In summary, XGBoost is the top-performing model with the highest AUC (0.91) and an excellent F1-score (0.86). Random Forest closely follows with an AUC of 0.90 and strong classification metrics. Logistic Regression provided a strong baseline with good performance after balancing and tuning. The Deep Learning MLP was effective but less optimal than ensemble models in this context. As a result, the XGBoost model was selected for deployment due to its strong performance, interpretability, balance of accuracy, and robustness.
Lastly, an application was created using Python joblib and Streamlit. The application provides the user with a prediction of whether the water is drinking “SAFE” or “UNSAFE” after entering the values of the required chemical properties or the feature values on the GUI. The XGBoost model was saved (exported) using the joblib library. Then, the application was built using Streamlit, which is a Python-based framework for rapid app deployment. Figure 16 shows two examples of executing the application. The app can be implemented on mobile devices, PCs, or other platforms, allowing easy visual interaction with users interested in predicting water potability.

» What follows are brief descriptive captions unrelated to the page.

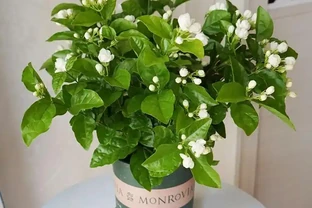 茉莉花不香了？老園丁教你「酸水澆灌法」，花香飄滿整個陽臺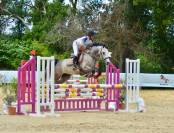 Jument de 8 ans fille de ROUDOUDOU D’HURL’VENT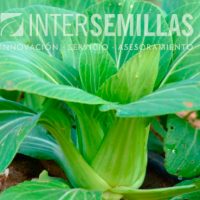ORI-10096_INTERSEMILLAS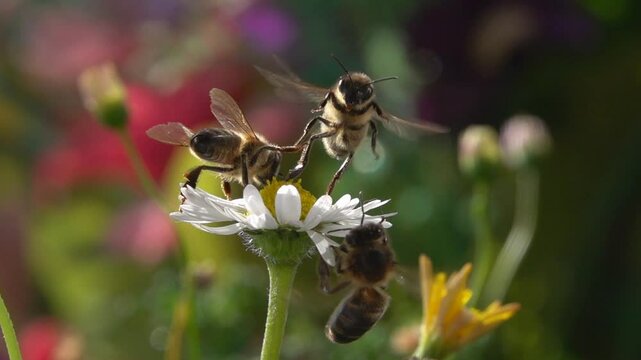 Bee, Flying on Flowers. Many Bees. closeup view. Slow-motion.  daisy flower
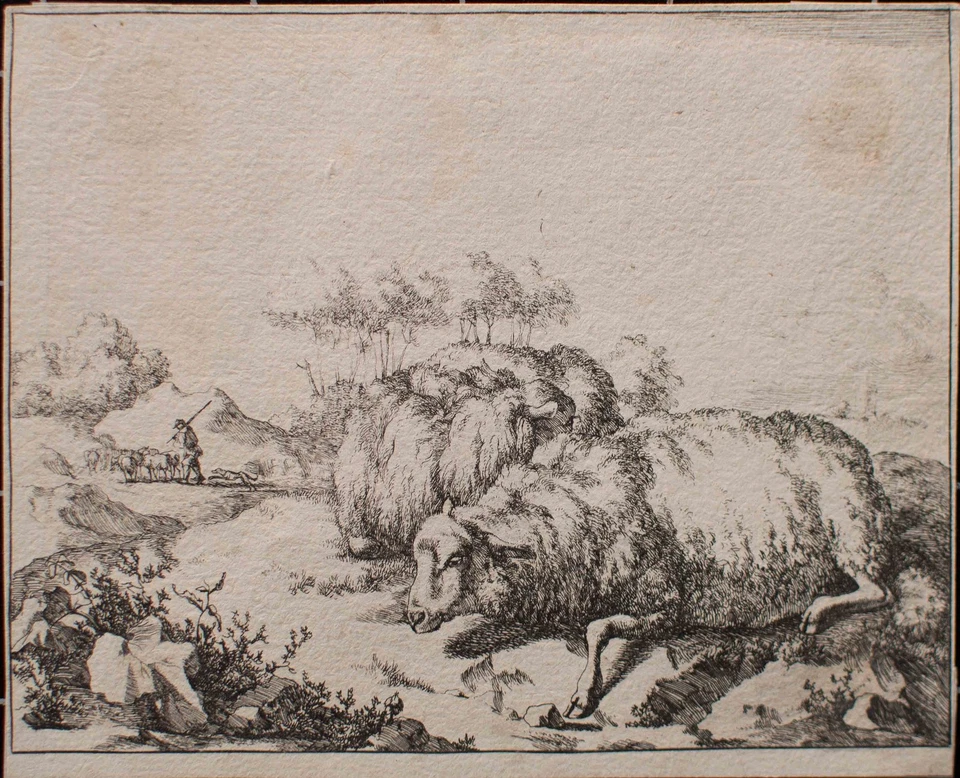 Marcus de Bye Schafe Pastorale Szene niederländisch Tiermalerei Kupferstich 1790 - Bild 3 von 4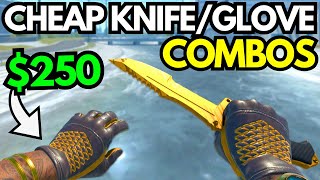 BEST CHEAP CS2 KNIFE amp GLOVE COMBOS in 2024 BUDGET KNIFE  GLOVES COMBO Under 350 [upl. by Eelamme]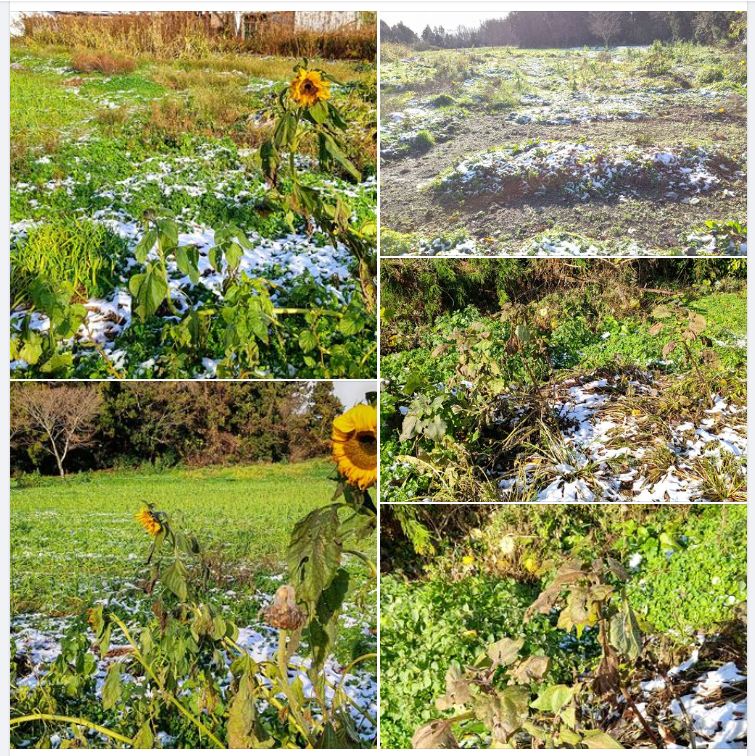 横浜中華街のヒマワリの花はいつ枯れるんだろう?-2023-12-18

Water Potability Prediction App – safe/unsafe water prediction outputs
To ensure the external validity of this work's findings, the performances of the used models are compared to results in existing water quality prediction research. Previous relevant studies have shown that more advanced ensemble methods, such as Random Forest and gradient boosting algorithms, e.g., XGBoost, outperform baseline linear models or logistic regression. Apart from this, class balancing methods such as SMOTE have been widely verified in environmental as well as general machine learning applications to be efficient tools against imbalanced datasets. Table 6 summarises this work's findings versus those available in recent literature. Evidence presented in Table 6 verifies that the obtained results are aligned with previous studies. Specifically, ensemble models always perform well on different datasets and geographic locations, which indicates the robustness and generalisability of the used models. Also, the use of SMOTE and hyperparameter tuning conforms to the state-of-the-art practice in the literature and further justifies their necessity in improving model fairness and prediction performance in imbalanced datasets. While the dataset used in this work differs in size and origin from the ones described in the literature, the uniform patterns of performance across studies confirm the accuracy and stability of the proposed approach.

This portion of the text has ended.